A massive fear for most separating or separated parents is whether the children will be damaged by the process.

Typically, separation is a disorientating experience for all the members of the family. There are literally hundreds of practical and emotional decisions that need to be made, as well as implementing many adjustments to the living arrangements.

A co-parenting relationship is one where both parents think together about the child’s needs and make decisions together that support the child’s emotional, physical and practical needs. A co-parenting relationship is not about your ex-partner. It is about your child’s best interests and loving them above your own hurt, sadness, or resentment. A co-parenting relationship is one of the most important ingredients for children to flourish and develop well post-separation.


The greatest gift for your child

Forming a co-parenting relationship is the greatest gift you could ever give your child. It says “We are still your parents. We look after you. You are still our priority. You are still a child who should just be focusing on your schoolwork, sports, friendships, having fun and learning.” The gift here is freedom, the freedom to continue to be a child following a separation.


Good mental health

Typically, children of parents with a good co-parenting relationship remain emotionally well even if they are sad about aspects of the separation.
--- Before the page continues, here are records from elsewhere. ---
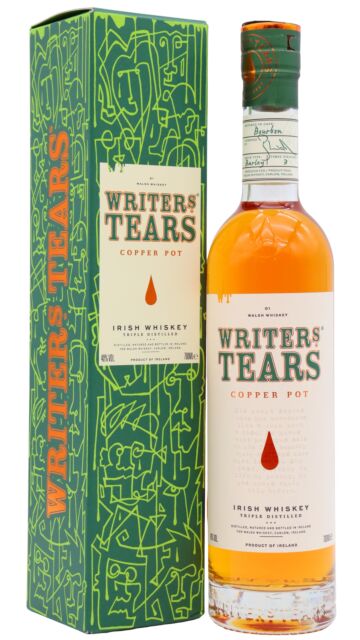 Writers Tears - Copper Pot Irish Whiskey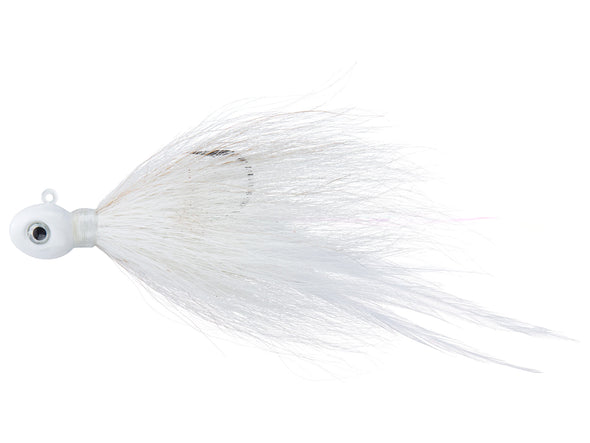 True Bass Shuttlecock Hair Jig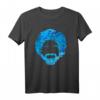 Bob Ross Künstler T-Shirt - Legendäres Motiv für Maler, Zeichner & Kunstliebhaber, Perfektes Geschenk für Künstler und Fans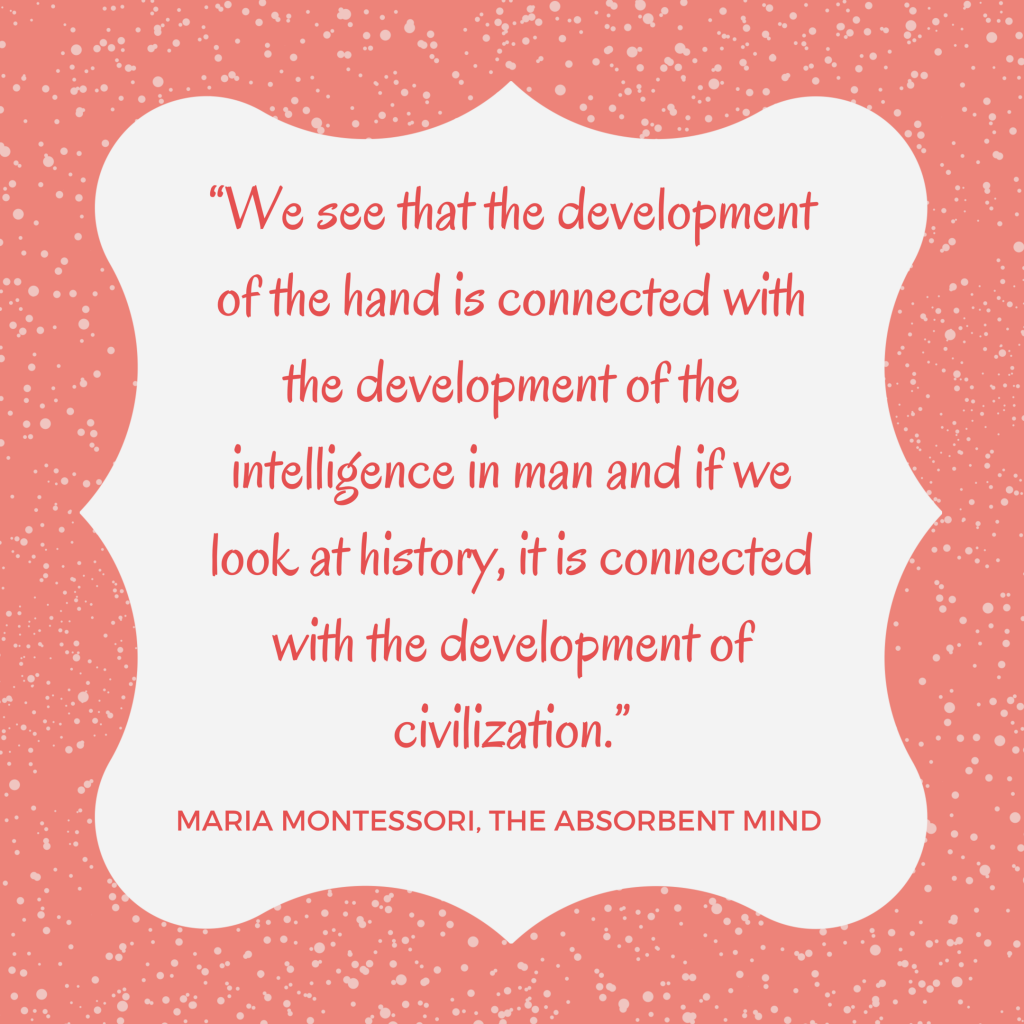 What is the Absorbent Mind? — The MontessoriMinded Mom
They thrive and can settle into life with two-family units. Sadly, children do not fare as well when their parents are in continuous conflict. They are more likely to struggle with mental health issues (particularly anxiety and depression), acting out behaviours, and substance abuse.
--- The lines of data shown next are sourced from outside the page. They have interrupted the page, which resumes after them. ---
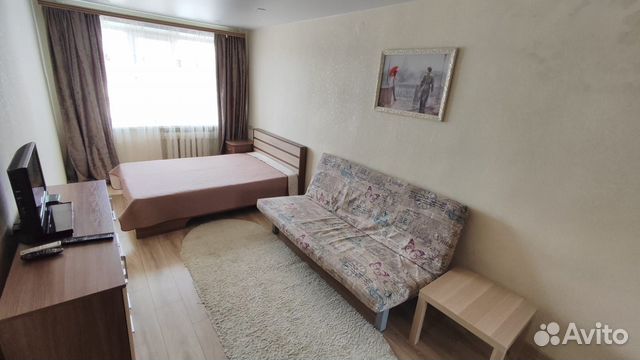 

1-к. квартира, 42 м², 1 кровать
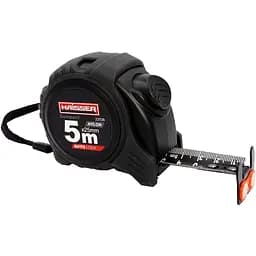 Рулетка вимірювальна Haisser Compact 5 м x 25 мм (94643)
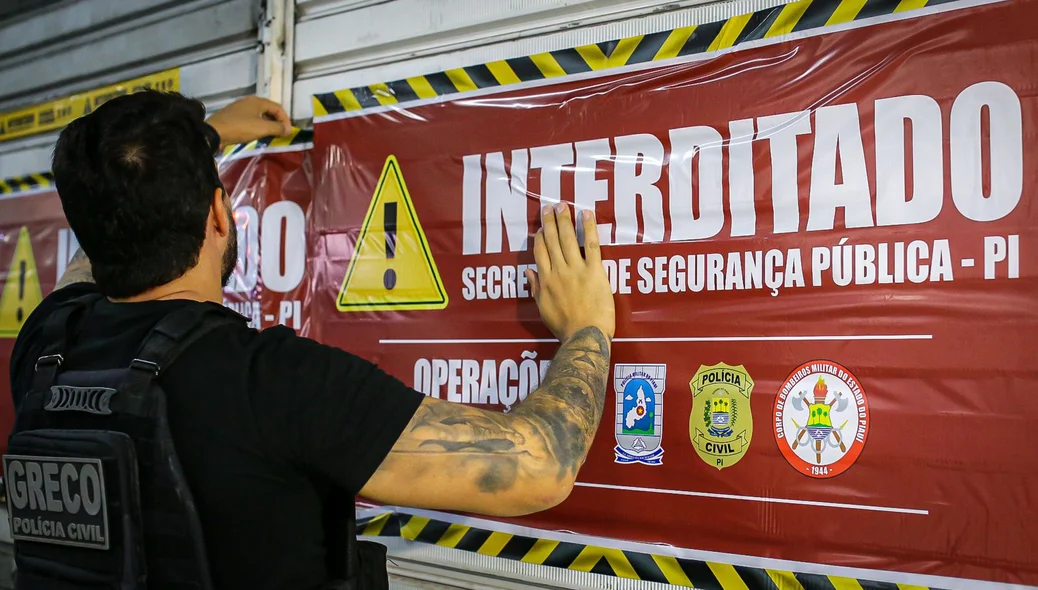 Operação Interditados ll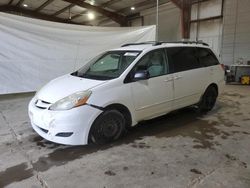 Toyota Sienna ce Vehiculos salvage en venta: 2007 Toyota Sienna CE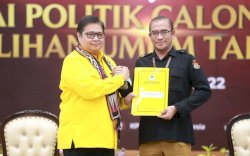 Partai Golkar Sukses Terdaftar di KPU, Kader Golkar Sulsel Tercatat mendekati 40 Ribuan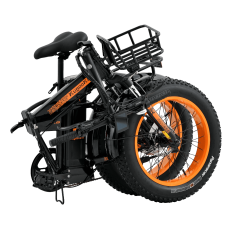 Электровелосипед Kugoo V4 Pro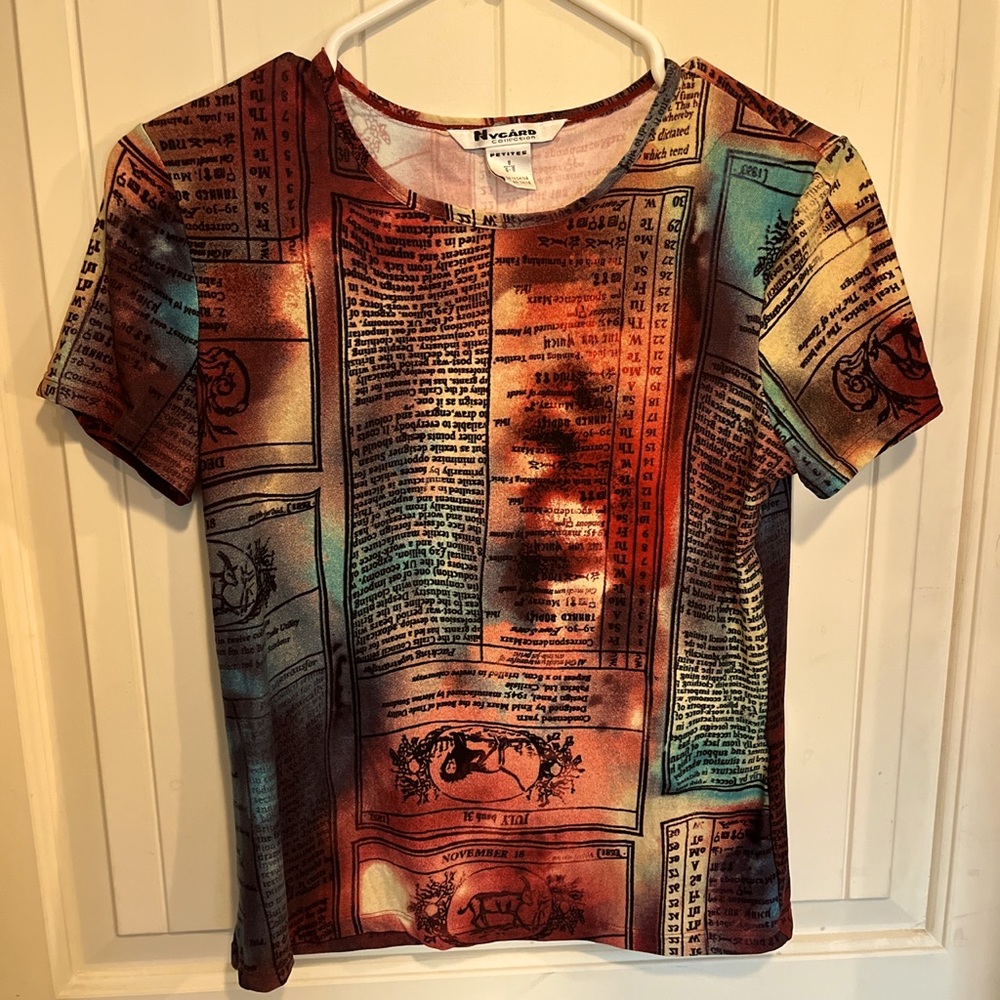 Vintage super cute, comfy tee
Allow your child to dream about the future… in the present

When parents create a co-parenting relationship, a child can fantasise about a future where both parents can be in a room together celebrating life with them. This could be future birthdays, graduations, getting married and having children. When parents remain entwined in perpetual conflict or a cold war, a child cannot even imagine their future wedding day without their parents situation ruining the event. It kills the fantasy and they become anxious in the present.


Be the parent you would want to have

Stand in your child’s shoes for a moment. Your family unit is dismantling. Your future is uncertain. You do not control the separation process. If you were your child, how would you like your parents to behave at this time? You would absolutely want a co-parenting relationship to be created. You would want the right to love both parents without bitchiness and belittling of the other parent. You would want to have them model respectful communication and demonstrate good decision making. Be the best parent and co-parent for your child that you would want for yourself at this time.


Conflict takes up so much energy

Even one round of conflict with one’s ex is physically and emotionally exhausting. Typically fights leave everyone feeling depleted, unhappy, and require a period of recovery. As much as you feel entitled to your upset or rage with your ex, conflict serves no useful purpose and will only keep your nervous system jangled and your life filled with unhealthy drama.